Exercise details → From the line with "EA7 Logo Series Half-Zip Sweater Heren" to the line with "5 Ft Freestanding", retype each line exactly as it stands in the records below, but skip the pictures.

Task inputs →
◆ ◆ ◆ ◆ ◆ ◆ ◆
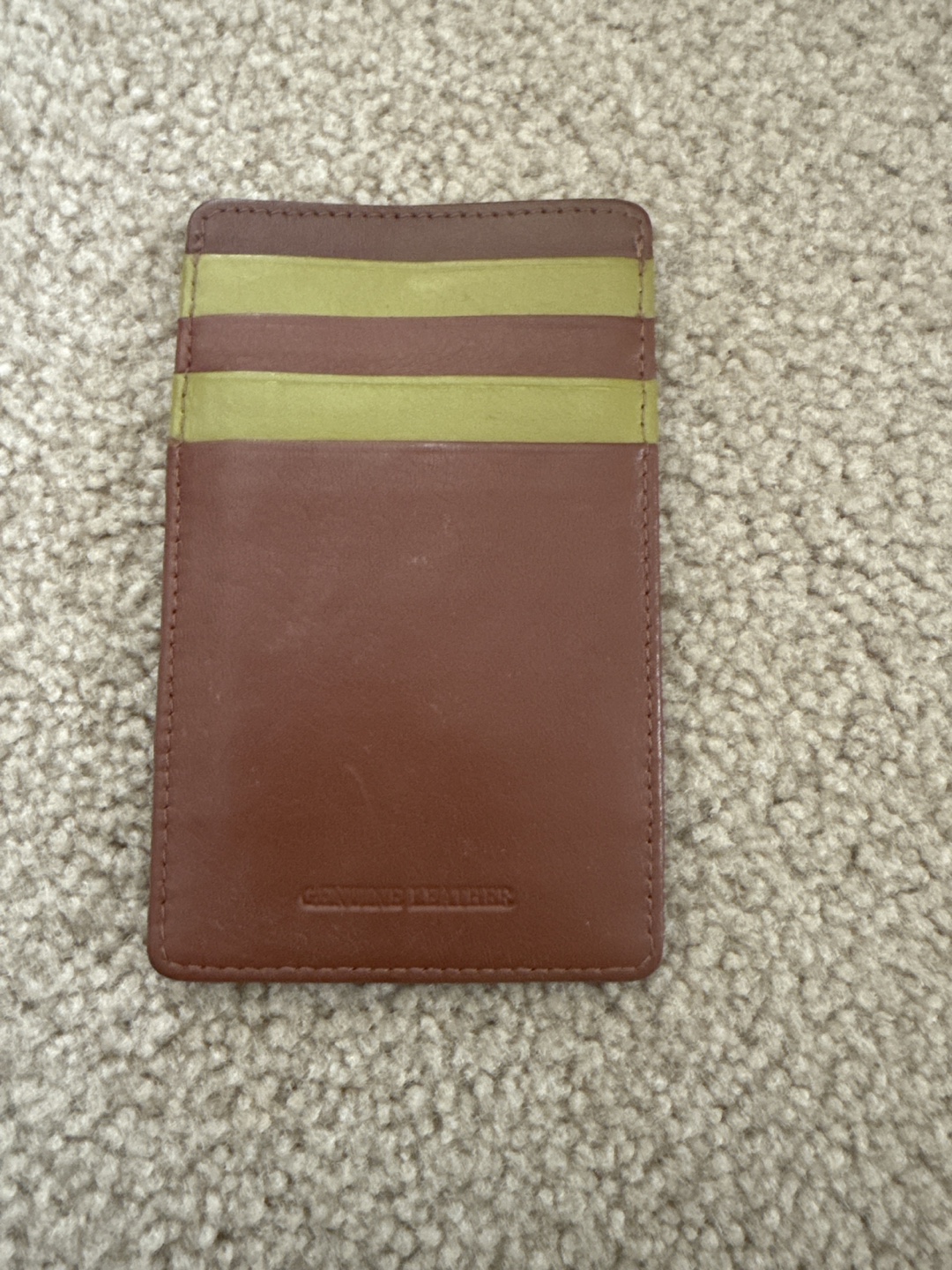 Genuine Leather Card Holder - photo 2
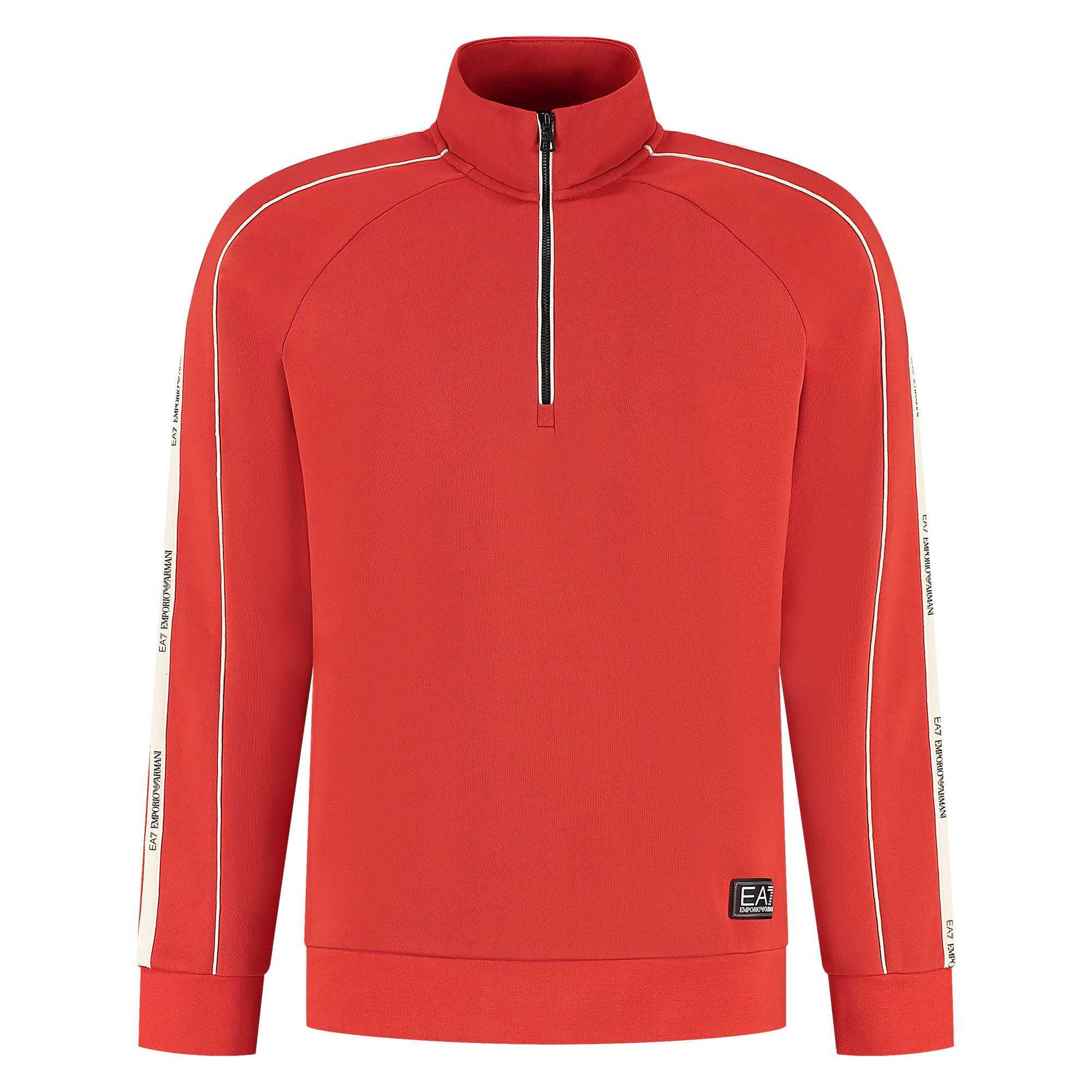 EA7 Logo Series Half-Zip Sweater Heren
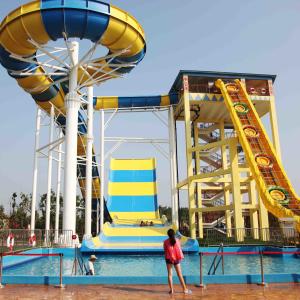Fiberglass Aqua Park Equipment , Giant Boomerang Water Slide For Resort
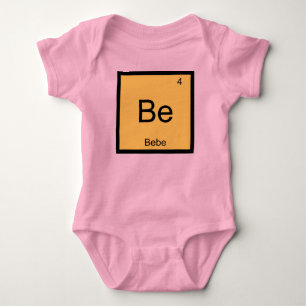 Bebe Name Chemistry Element Periodic Table Baby Bodysuit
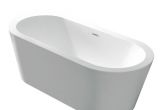 5 Ft Freestanding Bathtub Shop Anzzi ares 5 5 Foot Center Drain Freestanding Bathtub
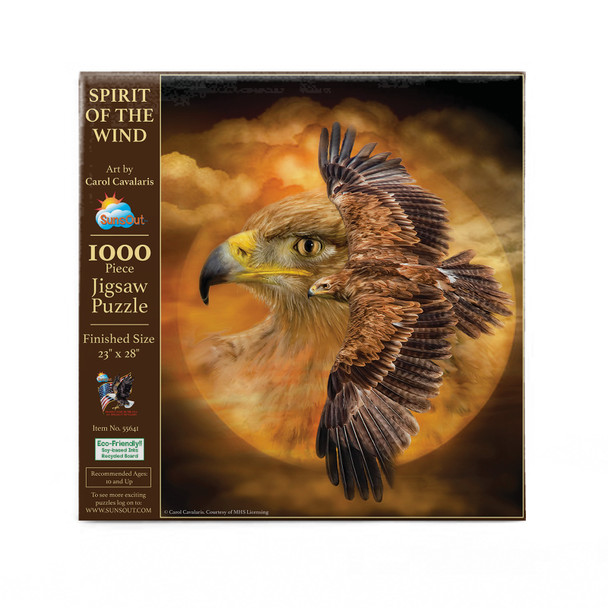 SUNSOUT INC - Spirit of the Wind - 1000 pc Jigsaw Puzzle by Artist: Carol Cavalaris - Finished Size 23" x 28" - MPN# 55641 SUNSOUT INC - Spirit of the Wind - 1000 pc Jigsaw Puzzle by Artist: Carol Cavalaris - Finished Size 23" x 28" - MPN# 55641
◆ ◆ ◆ ◆ ◆ ◆ ◆
Solution to the exercise →
 EA7 Logo Series Half-Zip Sweater Heren
Fiberglass Aqua Park Equipment , Giant Boomerang Water Slide For Resort
 Bebe Name Chemistry Element Periodic Table Baby Bodysuit
 5 Ft Freestanding Bathtub Shop Anzzi ares 5 5 Foot Center Drain Freestanding Bathtub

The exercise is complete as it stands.